俺、南進して。

俺、南進して。

俺、南進して。

 町田町蔵の軽薄重調文章は好きだ。やるせないほど駄目男も良い。だけど、アラーキーとのコラボレーションはちょっと企画としては面白いけど、結果お互いに、自分のテリトリーを守りつつ、この辺で手打ちにするかのような、 中途半端な心地良さを目指してしまったために、刺激的な読み物には程遠い出来となった。
 町田町蔵の小説のおもしろさは、彼自身がモデルかもしれないけど、まさかこんなことは、あるまいと読者が笑える、その法螺話に魅力があったのだけど、アラーキーの写真に彼自身が出ることによって、法螺話が想像できる高さにしかならないので、法螺じゃないのでおかしくもなんともないのである。
 またアラーキーの写真の小説性も、一見無関係な写真を並び替えただけで、エロスやストーリーを生み出すのがその真骨頂ではないだろうか。

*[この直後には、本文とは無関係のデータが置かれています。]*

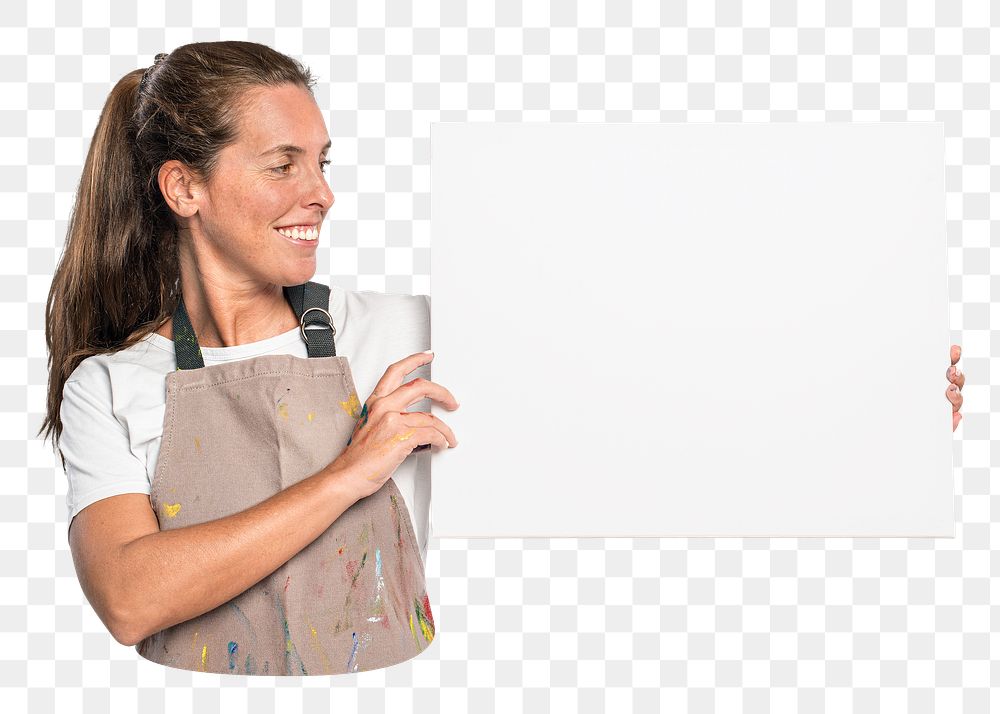 Female artist png showing a blank canvas, transparent background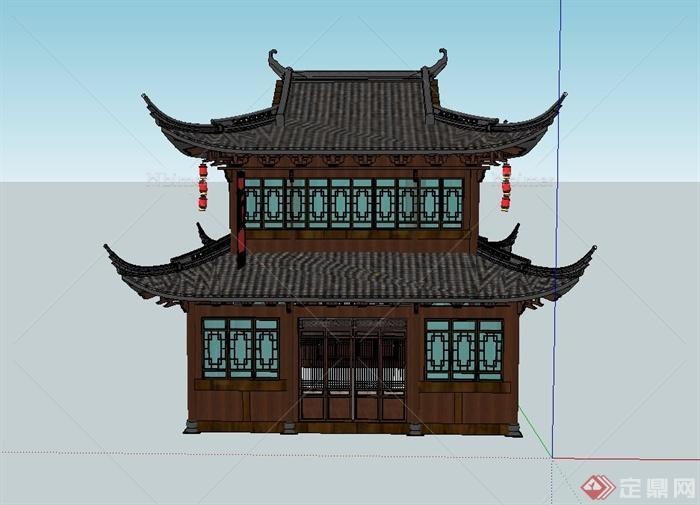 双层古典中式酒楼建筑设计su模型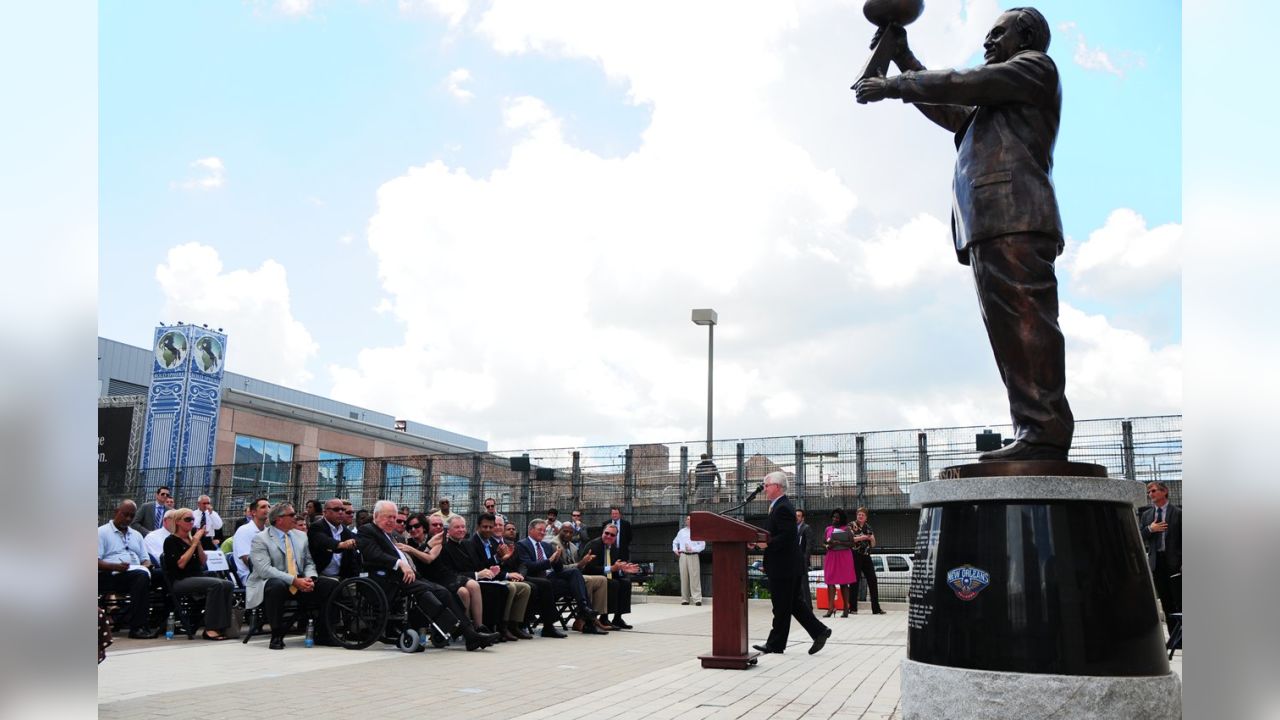 Tom Benson now has a stadium named after him, with a statue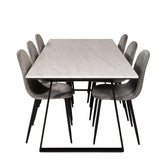 Estelle Matbord - Svart / Vit Marmor - 200*90*H76+jídelní židle Polar - černé nohy / světle šedá Velvet_6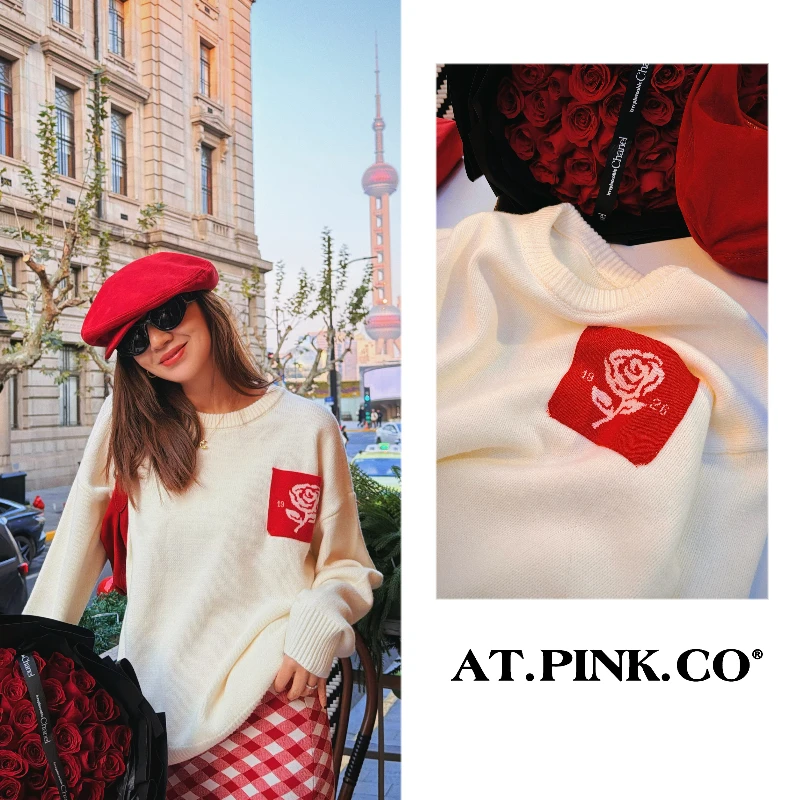 【三三品牌】【元旦新品】复古玫瑰花新年毛衣套头针织外套加厚 FY356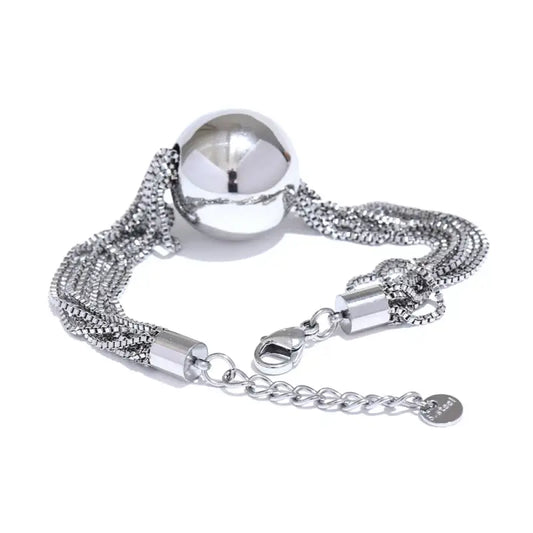 Yhpup Stainless Steel Multi Layered Chain Big round Bead Bracelet Bangle Waterproof Statement Exaggerated Jewelry 18K PVD Plated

まあ大阪との相性があまりよくない気もするけどね(大阪でも難波だけど、その辺のこだわりは関西人で無いわたしにはわからないです)。
結果として、荒木の写真は、町田の文章に合わせたものとなった。逆に、町田の文章は、荒木の写真に合わせたものとなったでもいいのだけど。 ふたりでやることが相乗ではなく、相殺効果となった。